モントリオールのJuniなどは、有名シェフの店だけに和食デビューをしたい現地のお客様が引きも切らないだろうが、私の所やおそらく、La Museの鈴木シェフの所もそうだと思うが、今まで和食を食べた事が無いばかりか、これからも食べるつもりが全く無いと言うお客様もいらっしゃる。和食と聞いて、「生魚はどうも・・・」という反応を示す方は今でも大勢存在するのだ。そういうお客様に日本食にも色々あるというのを是非紹介してみたいと思う。
Juniと言えば、モントリオールのお店に伺った時、ノルウエーのVOSSという水を御馳走になった。世界でも稀な純粋でフィルターされていないナチュラル・ウオーターだが、元カルヴァン・クラインのクリエーティブ・ディレクターがデザインしたとかいうボトルがまず眼を引く。こんな事を書いていると、いかにも私が水まで研究している通の様に聞こえるかもしれないが、雑誌で読んだ知識に過ぎない(笑)。

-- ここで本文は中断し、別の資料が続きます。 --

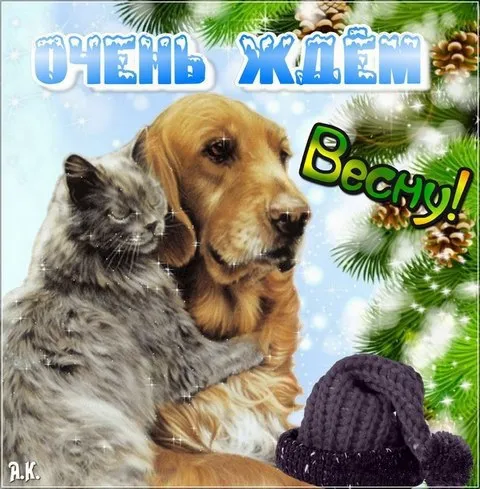 Открытки на последний день зимы (170 картинок). Красивые открытки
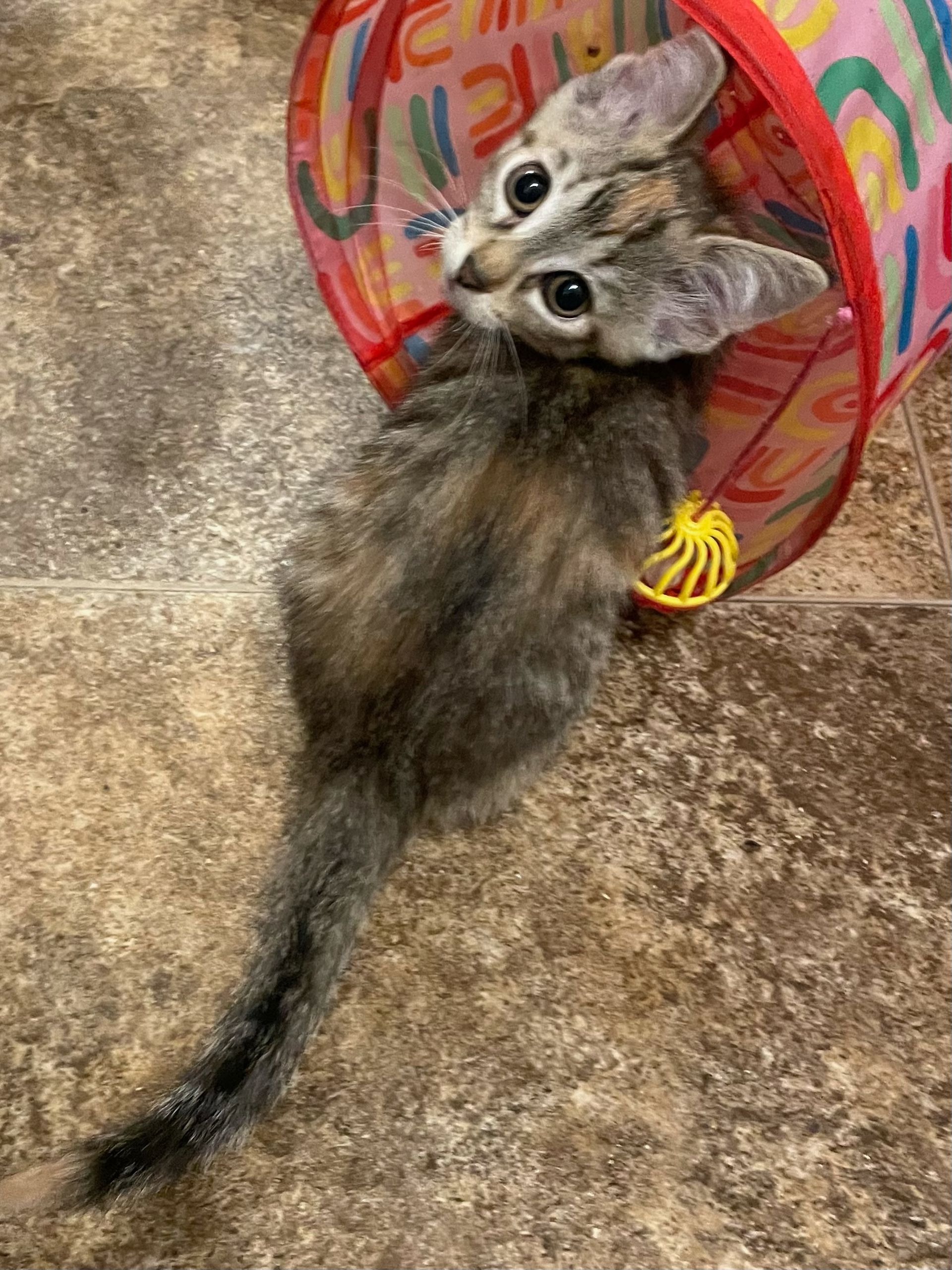 Arthur Animal Rescue | Adoptables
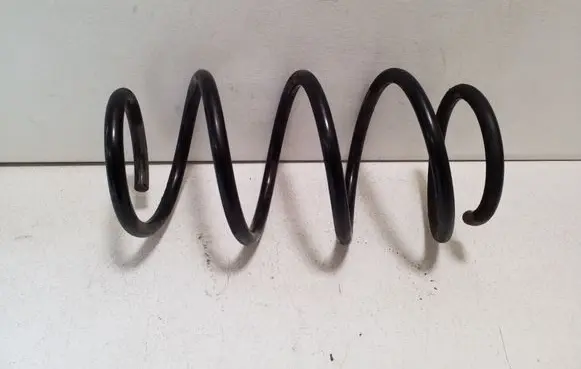 Rear coil spring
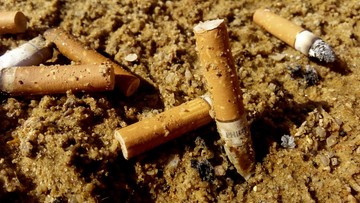 Zakaz palenia na włoskich plażach. Po zebraniu w Bibione 0,5 mln "petów" kolejne kurorty mówią dość
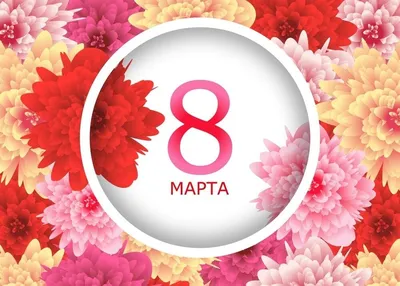 Как выбрать цветы на 8 Марта? | Пикабу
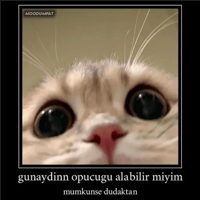 sticker image #6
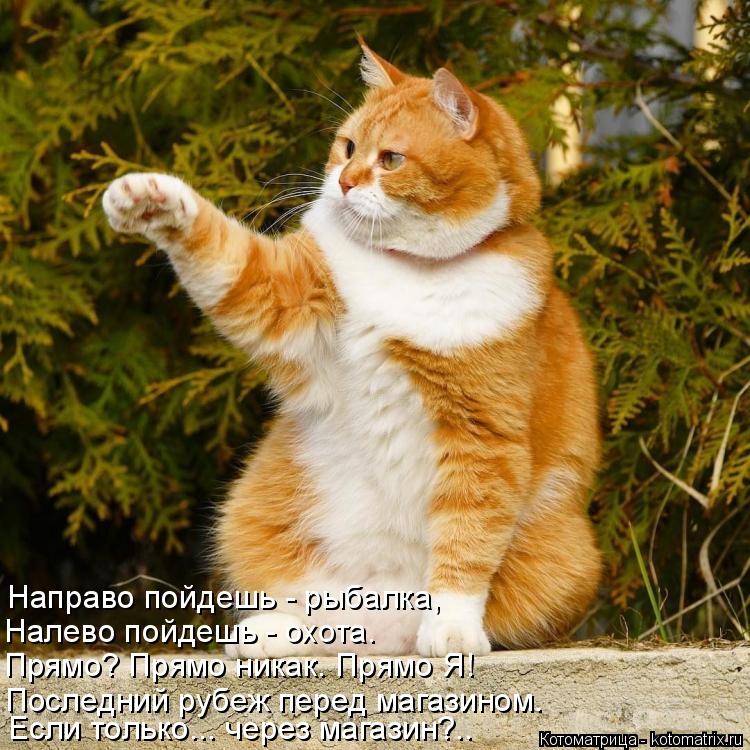 Направо пойдешь - рыбалка, Налево пойдешь - охота. Прямо? Прямо никак. Прямо Я! Последний рубеж перед... Котоматрица: Направо пойдешь - рыбалка, Налево пойдешь - охота. Прямо? Прямо никак. Прямо Я! Последний рубеж перед магазином. Если только... через магазин?..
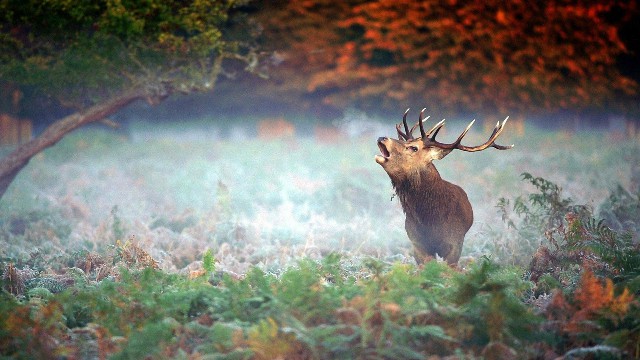 「与然讲娱乐」适合晚上发朋友圈的语录，经典透彻，送给最爱的人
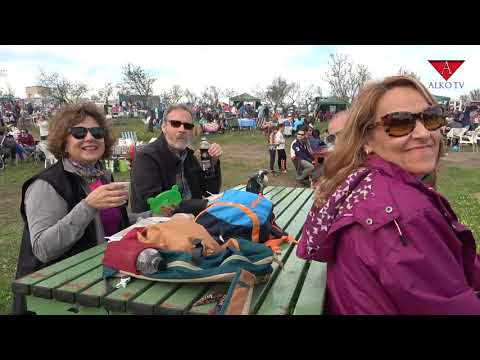 XX Fiesta del almendro en flor - Alko TV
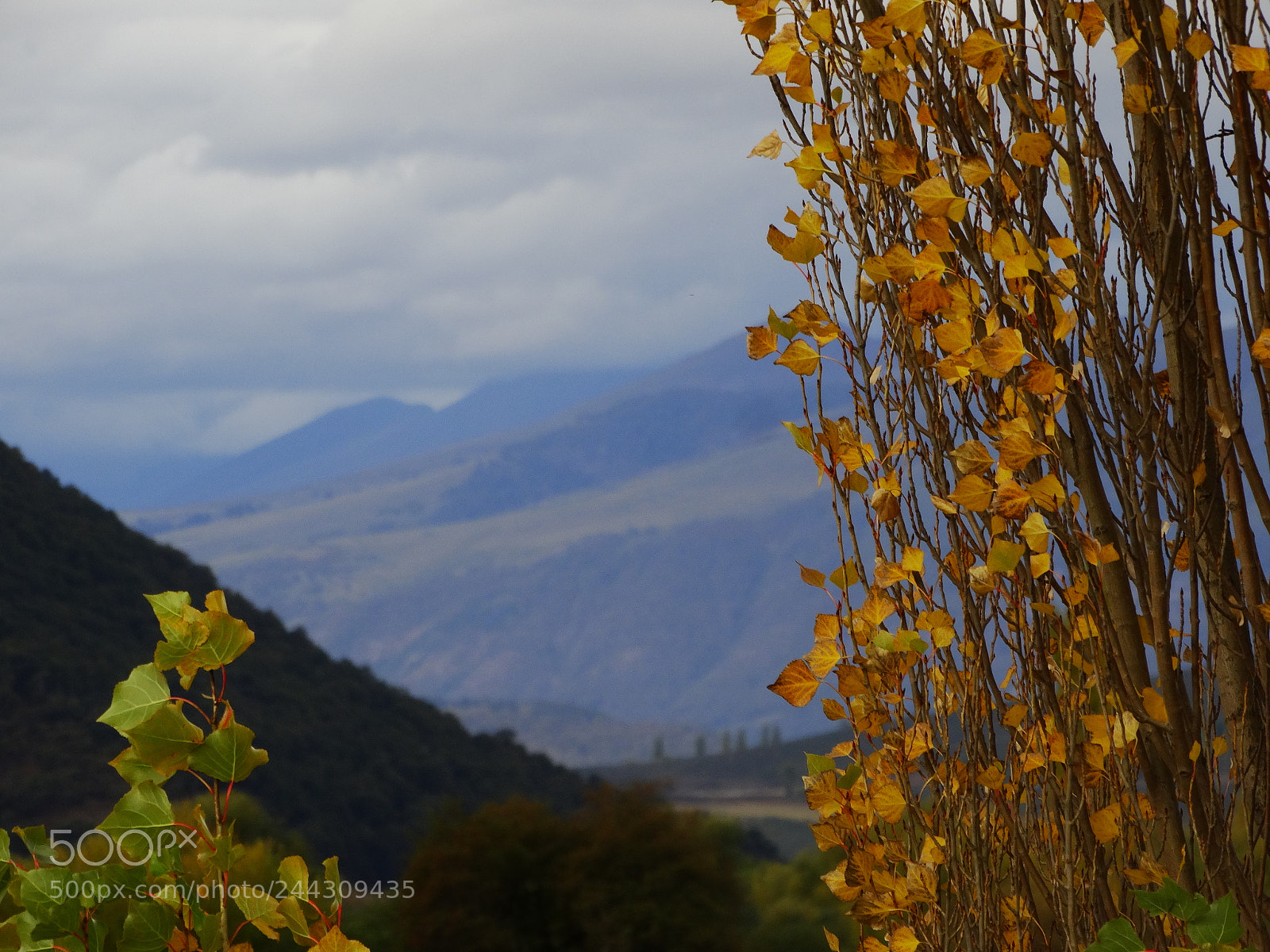 Sony Cyber-shot DSC-HX300 sample photo. Dsc photography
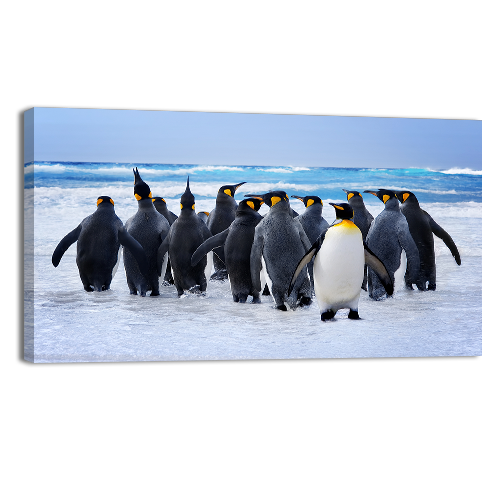 King Pinguins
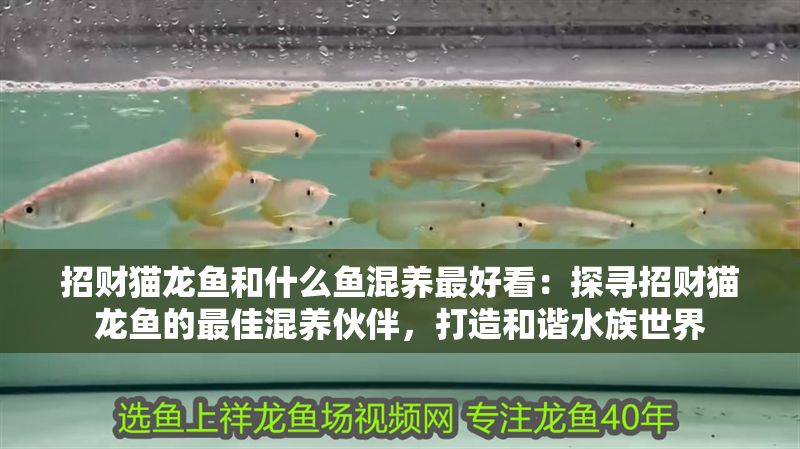 招財貓龍魚和什么魚混養(yǎng)最好看：探尋招財貓龍魚的最佳混養(yǎng)伙伴，打造和諧水族世界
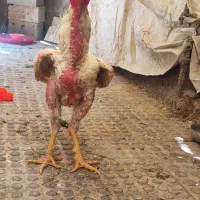 خروس لاری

グルメ・ドラマ辺りなら「鍵は水か・・」てな台詞が出てきそうだが、フランス料理では基本的に水は加熱し、沸騰させて使うのでそれ程味が水によって決まる事はない。カルキなどの匂いも沸騰した時点で消えるし、私も低温で野菜の出汁を取る時くらいしか、ミネラル・ウオーターは使わない。しかし、硬水と軟水の違いはあまりにも歴然だ。ヨーロッパの殆どの国では水道水が思いっきり鉄分の詰まった硬水だった。ドイツ日本館で働き始めた頃、小豆で餡を作るため、先輩の指示で一晩水に浸けたが、翌日見ると全く変化していない。かの先輩は笑って「どうだ、分かったか。これがヨーロッパの水だ」と言われた。分かっていてわざと私に体験させようとしたわけだ。硬い水では豆一つ戻らないのかと唖然とした。もっとも硬水は悪い事ばかりではない。硬い肉でも驚く程短い時間で柔らかくなるし、野菜を煮ると糖度が増したりもした。ドイツでは飲料水用のミネラル・ウオーターでも1800度という硬度を持つものもあった。因みに前述のVOSSは硬度が11度程の超軟水だ。日本のミネラル・ウオーターでも70〜80度程だったと思うので、相当柔らかい。ヨーロッパ中何処でも水が硬いと言う訳でもないのだ。フランス料理と言えども水にこだわって、究極の味を探求しているシェフも多いと思うが、郷に入っては郷に従えの例えもあるし、食材ばかりでなく水も土地の物を使えればそれはそれで理想的ではないだろうか。
58.ル・フジェール悲喜こもごも。
(12月31日更新)
昨日は日曜日、例によってフジェールで働く日だったが朝預かっている鍵で開けようとしても開かず、途方にくれていたら、ジェニファーがやってきて「御免なさい。Nakiに報せるのが遅れて・・・」と言うので一体何事かと思ったが、何とクリスマスイブの日に泥棒が入り、用心の為に急遽鍵を変えたという。休み前で事務所の夜間保管用金庫に相当額の現金が入っていたのをごっそりやられたそうだ。不幸中の幸いで、事務所だけを目当てに入っており、現金以外の被害は唯一チャーリーの家に伝わる宝石を置いておいたのが盗まれたのみだそうだが、チャーリーの家はイギリスの旧名家で、先祖代々装飾目的ではなく家宝として伝えられてきた物だと言うから、寧ろこの方がショックが大きいのは想像に難くない。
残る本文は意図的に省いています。